- [Task prompt] Reproduce the data below in full and exclude every picture.

*** Opening of Raw data ***

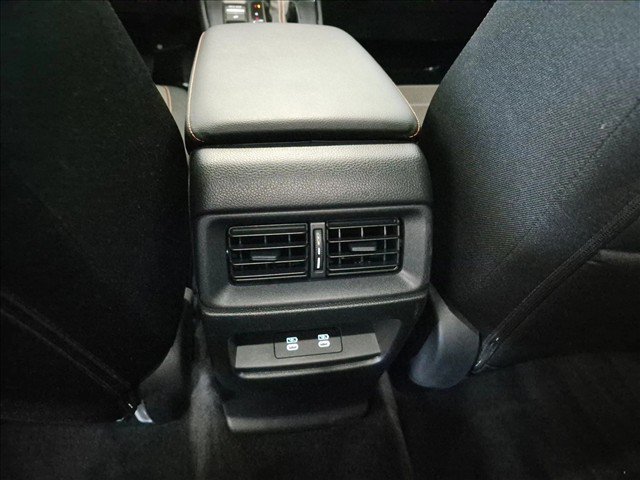 Used 2025 Honda CR-V Sport image 18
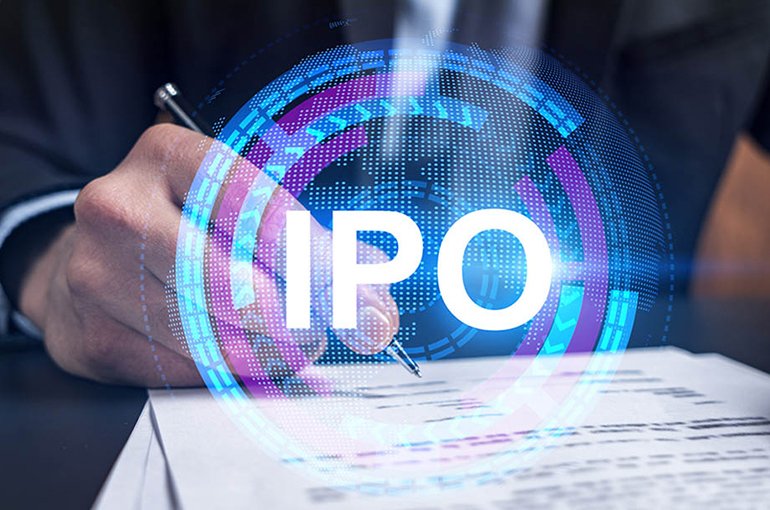 Investment Bankers Deny Tighter IPO Checks for Loss-Making Companies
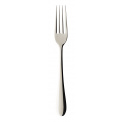 Oscar Table Fork 20cm - 1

*** Close of Raw data ***

- [Task output]
 Used 2025 Honda CR-V Sport image 18
 Investment Bankers Deny Tighter IPO Checks for Loss-Making Companies
 Oscar Table Fork 20cm - 1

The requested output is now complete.